Essas três referências, acredito, já bastam para deixar clara minha opinião sobre A parede no escuro (Record, 2008).

Sendo que há diferenças marcantes também. No livro de Graciliano não há um pingo de poesia. E a secura que torna a relativamente longa narrativa em primeira pessoa quase insuportável, agonizante, é obviamente seu maior sucesso. Para fazer um romance assim direto e reto e de muita qualidade, é preciso ter competência. Senão se tira o lirismo, não se põe nada e a coisa resulta numa massa murcha que não espanta nem mosca, apesar da “violência” do tema – sim, estou pensando na literaturaurbanamoderna. Digo, em parte dela.

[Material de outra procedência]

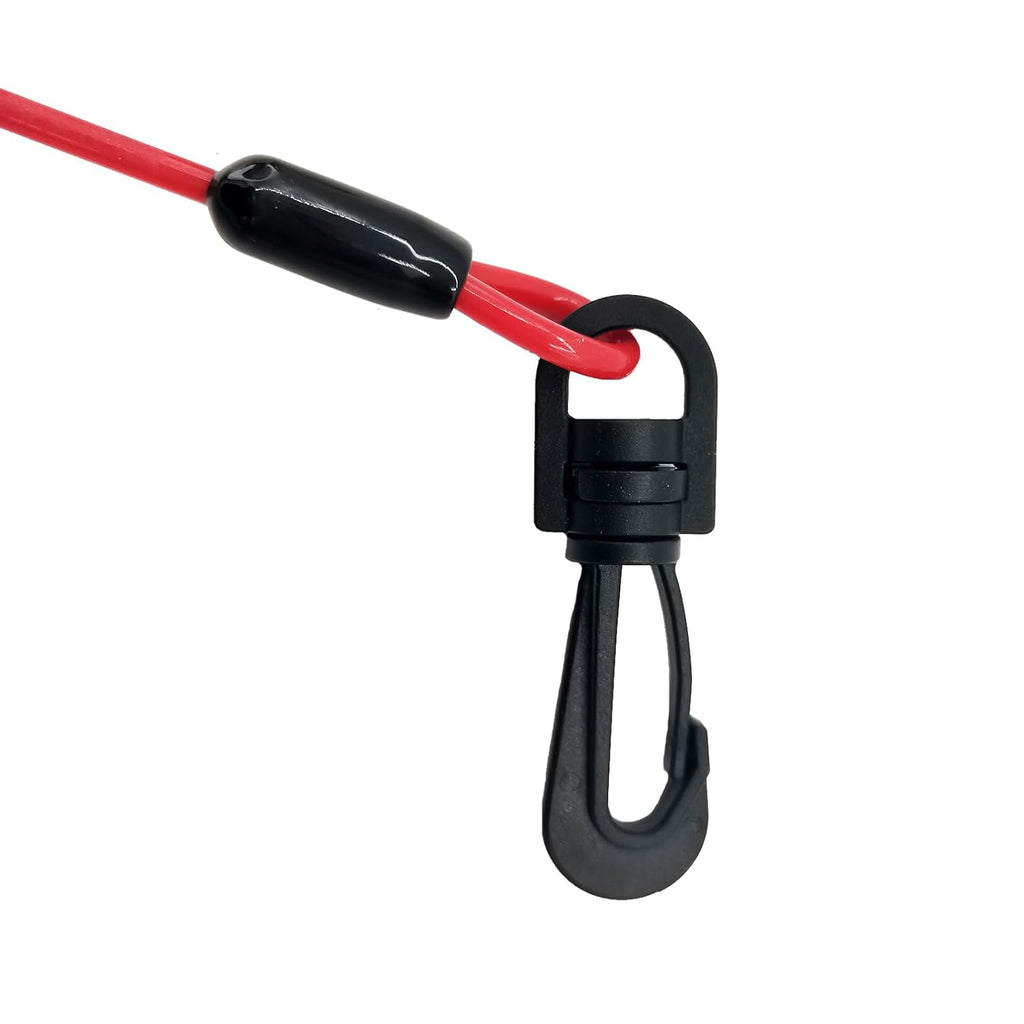 Universal Boat Kill Switch Key Set, Safety Stop Connector Lanyard Cord Replacement for Mercury, Yamaha, Honda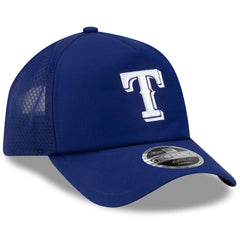 Texas Rangers New Era 2026 Batting Practice Apex 9FORTY Adjustable Trucker Hat - Royal Hats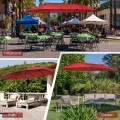 15 Feet Double-Sided Patio Umbrella with 12-Rib Structure - Gallery View 2 of 66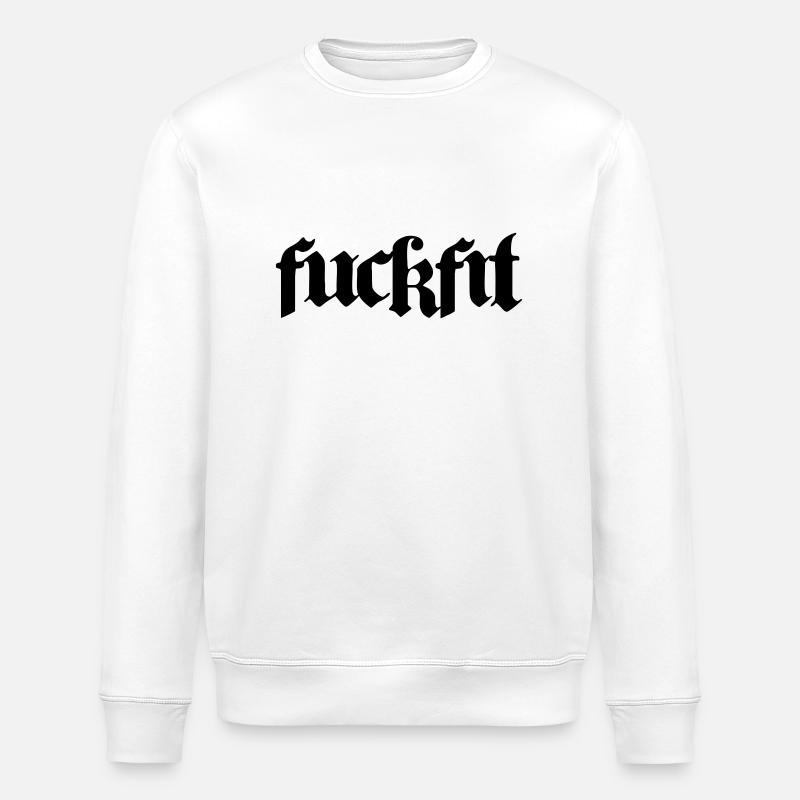 FUCKFIT - Stanley/Stella Unisex Bio-Sweatshirt ROLLER - Weiß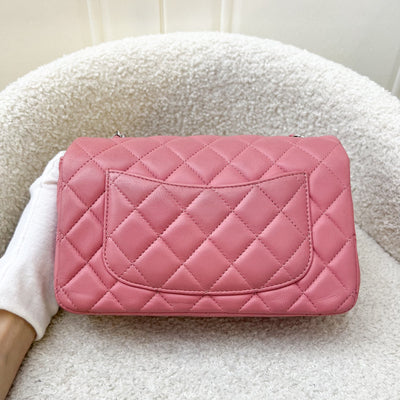 Chanel Classic Mini Rectangular Flap Bag in Pink Lambskin and SHW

Mas o assunto é Altair Martins.

É que para fazer, como ele fez, um romance com muita poesia e interesse, também é preciso ter talento. Porque, convenhamos: partir pra tal da “prosa poética” – um negócio hoje mais badalado que as turnês da Madona – é muitas vezes o último (ou o primeiro) recurso do prosador incompetente. De quem não tem uma estória interessante pra contar, mas, sim, muito floreio. Daí o sujeito se rola no gramado coberto de flores caídas e chama todo mundo pra ver o resultado – que só poderá estar nas “entrelinhas”.

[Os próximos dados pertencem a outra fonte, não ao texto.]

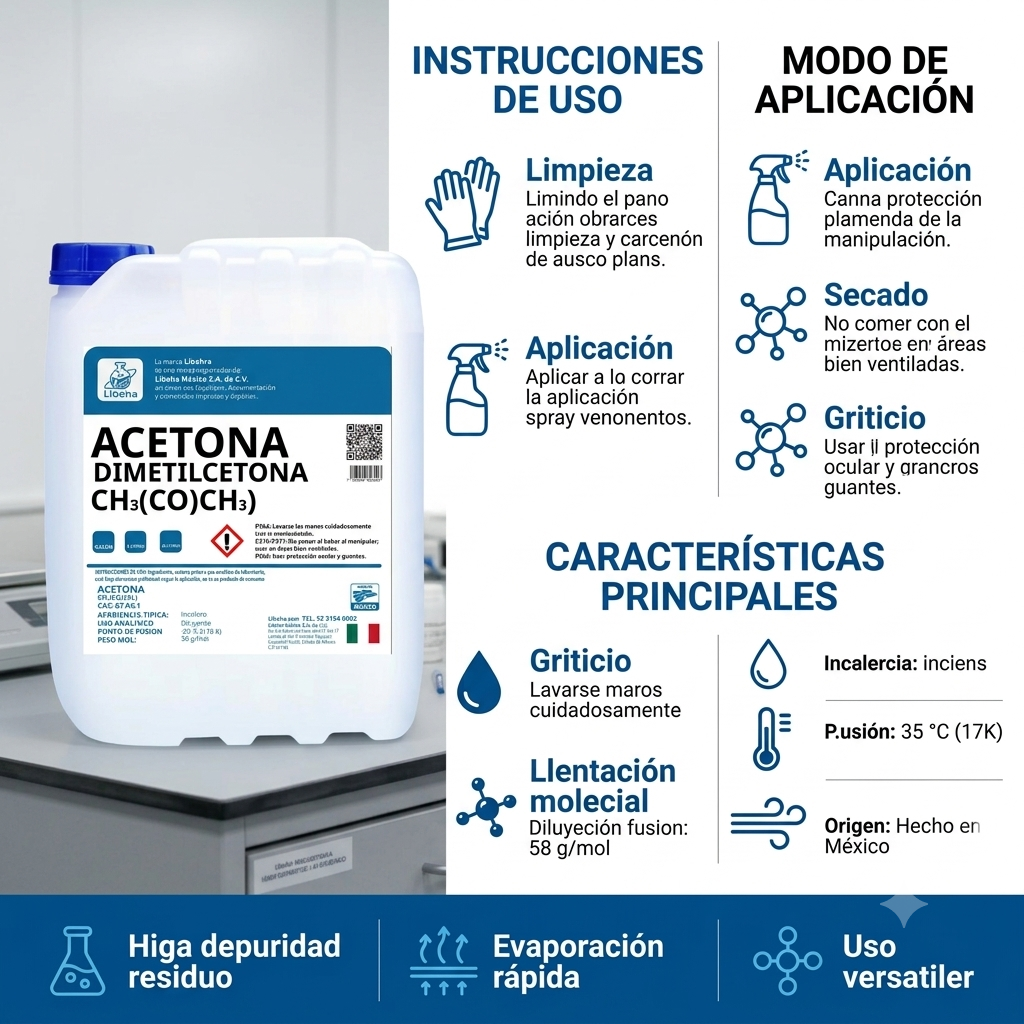Acetona De 20 L Acetona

Altair é competente. O evento-núcleo do seu romance é o atropelamento de um padeiro muito conhecido na pequena cidade de Pedras Brancas. O assassino, hum…, por acidente nós sabemos quem é: o professor Emanuel. Que, apavorado, foge após o feito. Não presta socorro. Não que fosse fazer alguma diferença se o tivesse feito, o padeiro provavelmente já caiu morto, tamanha a violência do choque. Mas pelo menos, talvez, a culpa que pregou em si a partir de então o remoesse com menos intensidade.

O padeiro assassinado é o pai de uma jovem que, por sua vez, saída de casa, divide um apartamento com uma amiga. Essa amiga, de 17 anos, é aluna de Emanuel, com quem, certa noite, tenta sem sucesso ter um relacionamento sexual. Só que Emanuel não sabe que a parceira dessa jovem é a filha do homem que atropelou numa manhã de muita chuva e pouca visibilidade para os desafortunados motoristas.

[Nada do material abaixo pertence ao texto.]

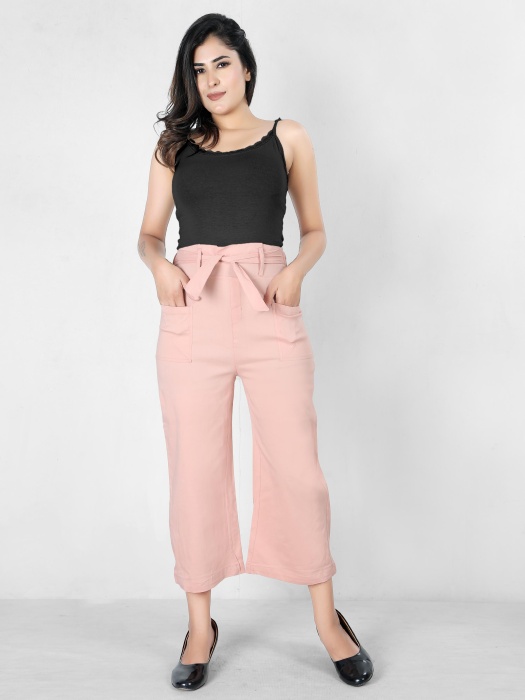 lpink color women premium bottom wear collection is best in class in terms of comfort  and soft culottes pant UNDER 399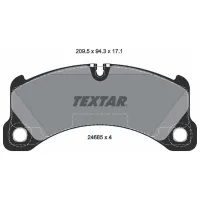 Тормозные колодки Textar 2468501 передние/ дисковые photo 2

A filha do padeiro é Maria do Céu. Nunca se dera bem com o pai, e fora morar com a menina de 17 anos justamente após uma discussão com o mesmo, após a qual saiu de casa literalmente batendo a porta.

Pois Emanuel também guarda suas mágoas com o pai autoritário. Ex-partidário da Ditadura de 64, saudosista daqueles tempos de moral elevada, fã de pássaros e acostumado a bater no filho, o homem está agora moribundo, atacado por uma pneumonia aparentemente irreversível.

Pois quando Emanuel atropela o pai de Maria do Céu ele estava justamente indo à casa de sua infância pegar o velho e levá-lo para uma consulta de rotina.

Caminhos cruzados, vejam só.

Pois o romance de 250 páginas é narrado por mais de uma dúzia de personagens, com mudanças de um capítulo a outro, um parágrafo a outro. Há também um narrador em terceira pessoa que aparece em raros momentos e é, por assim dizer, inútil – ou seja, não contribui com nenhuma colaboração original para o andamento do relato.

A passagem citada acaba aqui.